── GIVEN INFORMATION

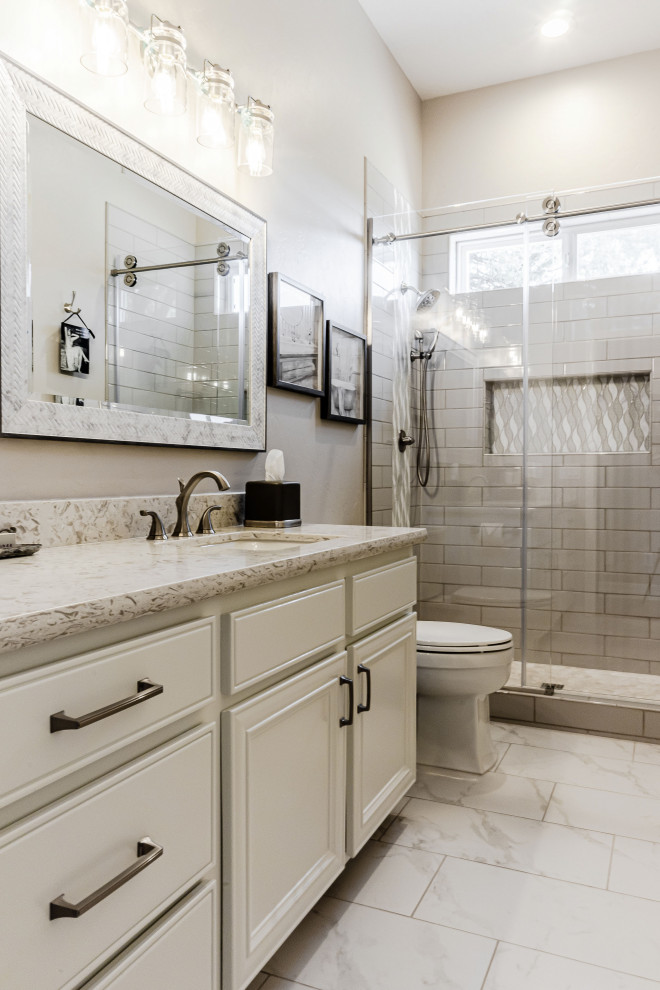 Bathroom - large cottage master gray tile and subway tile ceramic tile, white floor and single-sink bathroom idea in Phoenix with raised-panel cabinets, white cabinets, a two-piece toilet, gray walls, an undermount sink, quartz countertops, white countertops, a niche and a built-in vanity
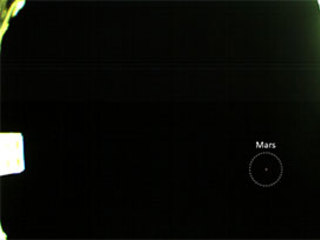 One of the twin MarCO CubeSats snapped this image of Mars on Oct. 3 – the first image of the Red Planet ever produced by this class of tiny, low-cost spacecraft. 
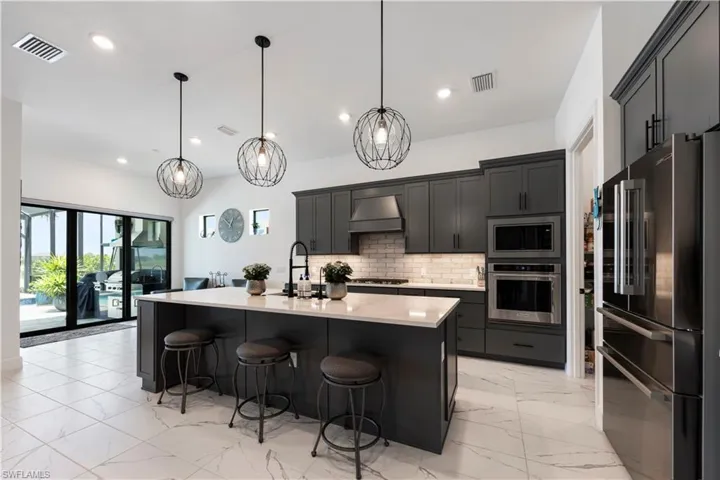Spacious kitchen featuring an expansive center island with seating, dark wood-finish cabinetry, a white tile backsplash, and stainless steel appliances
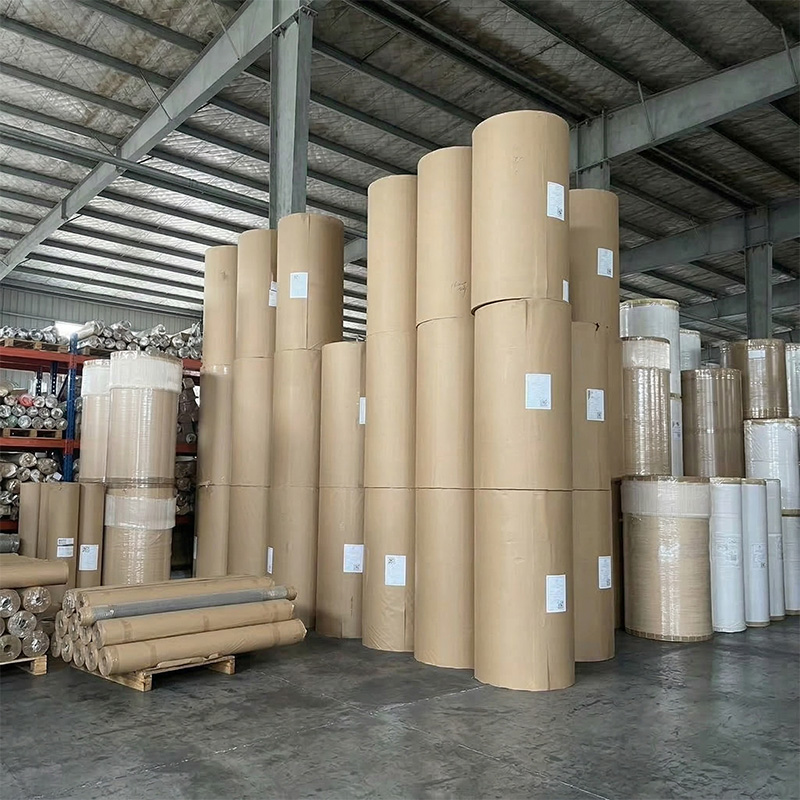 Massive inventory of wholesale sublimation paper jumbo rolls standing vertically in our climate-controlled factory warehouse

────

» DIRECTIONS FOR THIS TASK:
Reproduce the listing exactly, but omit every picture in it.

» TASK ANSWER:
 Bathroom - large cottage master gray tile and subway tile ceramic tile, white floor and single-sink bathroom idea in Phoenix with raised-panel cabinets, white cabinets, a two-piece toilet, gray walls, an undermount sink, quartz countertops, white countertops, a niche and a built-in vanity
 One of the twin MarCO CubeSats snapped this image of Mars on Oct. 3 – the first image of the Red Planet ever produced by this class of tiny, low-cost spacecraft. 
Spacious kitchen featuring an expansive center island with seating, dark wood-finish cabinetry, a white tile backsplash, and stainless steel appliances
 Massive inventory of wholesale sublimation paper jumbo rolls standing vertically in our climate-controlled factory warehouse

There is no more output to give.